Ann Eveleth
WARM sun chased the shadows from the hills around Mandini on the KwaZulu-Natal north coast last Sunday, but all that lit the main rondawel of the Shandu kraal was the glimmer of a single white candle burned in memory of the two young men gunned down there last week.
Women mourning on straw mats in the dark room stopped to re-enact the the 30-minute shooting spree last Tuesday. Crouching on the floor to show how she saved five young children from the attackers who banged their weapons on the rondawel door, the grieving mother, Theresa Shandu, scowled at a mention of the peace initiative announced four months ago in the blood-soaked province.
Political leaders, she said, “like to talk about peace and happiness, but it’s only because their busy bribing each other. What kind of peace is this?” she demanded.
Her 20-year-old son Petersen Shandu died after a bullet pierced his neck. He had been playing cards with his brothers when he was shot. Sbongiseni (18) died in a hail of bullets trying to escape into the darkness.
Their brother Bongkosi and neighbour Thili managed to elude the gunmen, while Sonny-Boy hid behind the door and watched a man who threatened to kill him two days earlier search the room with a torch.
“I was down by the river last Sunday when he shouted to me that `We’re coming to shoot you because you are amaqabane [comrades] and we don’t need amaqabane in this part of KwaZulu’,” Sonny-Boy recalled.
The mourning women said the alleged attack leader – an Inkatha Freedom Party leader from a neighbouring tribal area, out on bail for a massacre in town last year – named three families in the area when he issued his threat: “They marked all the ANC [African National Congress] in the area. We are afraid. Please bring the SANDF [South African National Defence Force] here. They are our only hope,” they pleaded.
The survivors say they do not trust the police, who failed to take their statements last week, instructing them to appear at the former KwaZulu Police station in the nearby ANC-dominated township of Sundumbili: “We don’t believe the police at Sundumbili want to find the truth. There are so many cases that happen here and we tell them who is causing the trouble but they don’t do anything. If they catch someone we see him out again after a short time,” charged Sonny-Boy.
It is not the first time such charges have been levelled by ANC supporters. Earlier last Tuesday, Moses Gumede was shot dead in his driveway. It took two day before police from Empangeni came to take a statement from his wife Jabu.

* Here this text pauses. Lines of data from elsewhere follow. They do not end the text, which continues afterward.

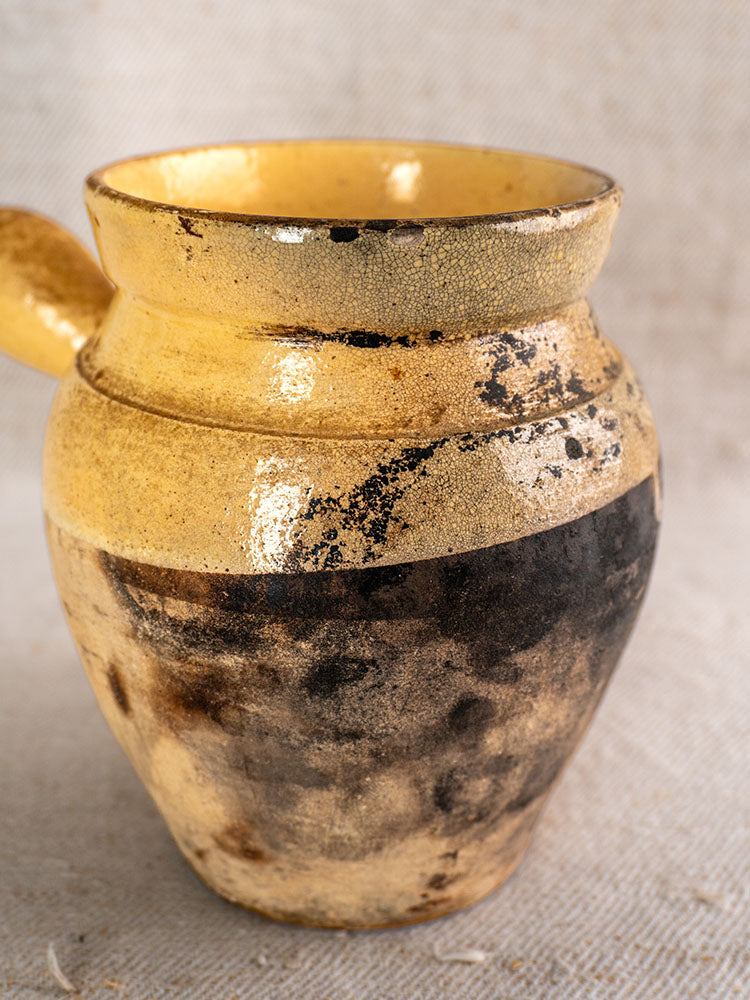 Antique French glazed terracotta toupin with handle, heavy scorch marks, weathered surface on beige textured fabric.
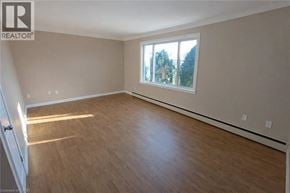 Stoney Creek apartment for rent - A room with wooden flooring and a large window.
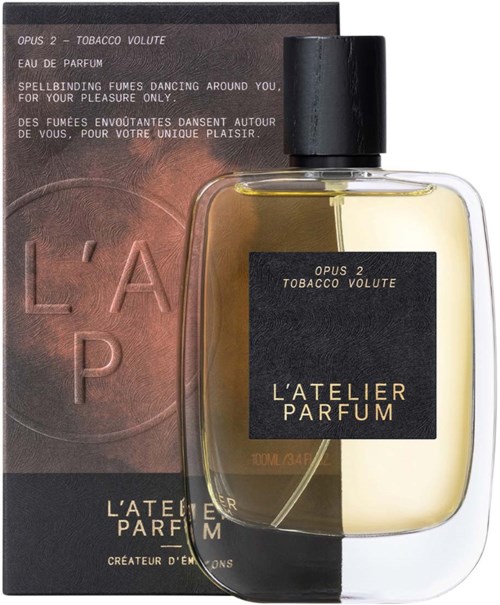 A perfume bottle with a black label and a box behind it. The label says "L'ATELIER PARFUM."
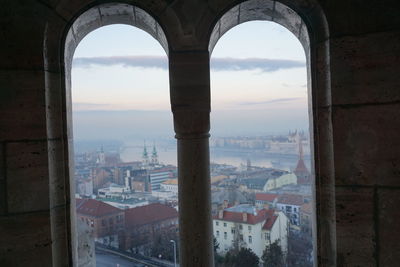 Buildings in city against sky seen through window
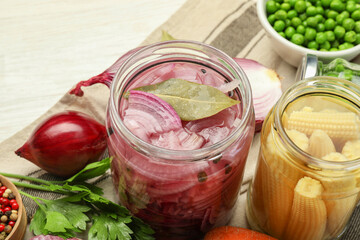 Different pickled products in jars and fresh ingredients on white table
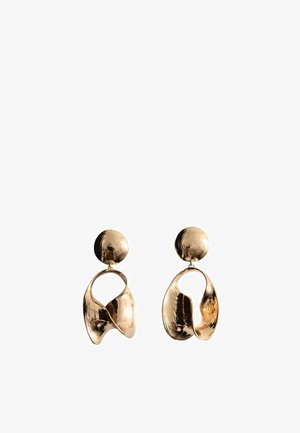 Gold-tone metal earrings with abstract, twisted open shapes hanging from textured round studs.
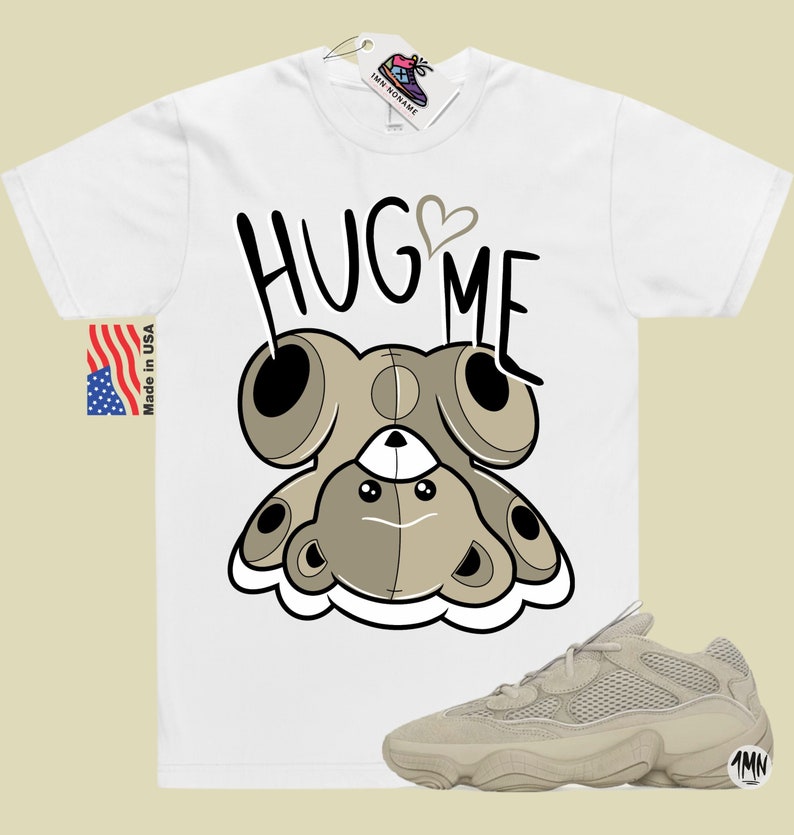 Puede incluir: Camiseta blanca con un oso de peluche de dibujos animados que lleva un coraz&oacute;n y el texto "HUG ME". Un par de zapatillas beige con una parte superior de malla y una suela gruesa.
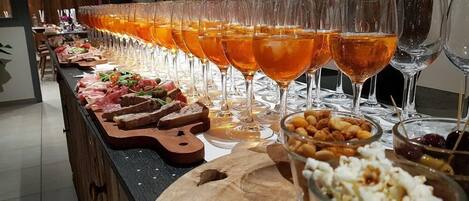Una larga mesa con múltiples vasos de líquido ámbar, diferentes tipos de comida y una tabla de madera.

Local police on the scene picked up the empty cartridges “with their bare hands”, drew no markers on the pavement and took no pictures of the bloody scene, she said. The slain Gumede, a former Cosatu shop steward, had been a witness to an IFP-aligned co- worker’s murder of his own daughter earlier this year, allegedly during an attempt to shoot his wife.
A recent police audit belies the suggestion that police are simply over-stretched and under-staffed. Sundumbili, unlike most stations in the province, is over-staffed, with 156 uniformed members to the recommended 63, including three times the recommended sergeants and constables.
Perceptions of police bias and inefficiency are compounded by the presence of at least 10 Caprivi trainees at the station, whose names and ranks from constable to detective- sergeant were confirmed this week by the station commander, Superintendent Mandla Mchunu.
Durban Supreme Court Judge Nick van der Reyden last year ordered an investigation into cover-up allegations levelled at Mchunu by one of three self-confessed hit-squad members in the Esikhawini hit-squad trial.
Network of Independent Monitors north coast field-worker Anton Pestana said the policing situation in the area was aggravated by the recent withdrawal of a Public Order Policing Unit (Popu) based in the neighbouring industrial town of Isithebe: “People had begun to trust this unit, but now they have returned to their Mtubatuba base. Other members of the unit are now patrolling the area and they are allegedly working together with local self-protection units under the leadership of IFP councillor Robert Mdletshe,” he said. Repeated allegations of torture have been levelled against members of the Mtubatuba-based Popu, known as Unit 33, but no action has been taken.
Pestana said the unit was now perceived to be assisting IFP elements intent on consolidating the party’s support, with refugees fleeing two IFP-led tribal areas to the virtually empty land of chief Jeffrey Ncgobo: “Most of the displacees are not fleeing the SPUs as much as fleeing Popu. We have witness reports of white men with black painted faces taking part in attacks together with SPUs,” he said.
A representative of the north coast National Investigation Task Unit (NITU) assigned to probe political violence in the area confirmed the reports, and said the “old networks returned to their activities” during the three-month absence of unit leader Captain Mandlenkosi Vilikazi, who was cleared last month of torture charges levelled by the IFP.
Formed to counter allegations of police bias following a massacre of 11 people in Isithebe last year, Vilikazi’s unit had brought relative calm to the area in its first months of operation. Last month the unit was on the verge of collapse under the leadership of four white policemen assigned to the unit in Vilikazi’s absence, the representative said.
“Suspects were granted bail without consultation, and people again became afraid to report cases. It would seem as though it’s going to happen all over again. In fact it already has,” he said.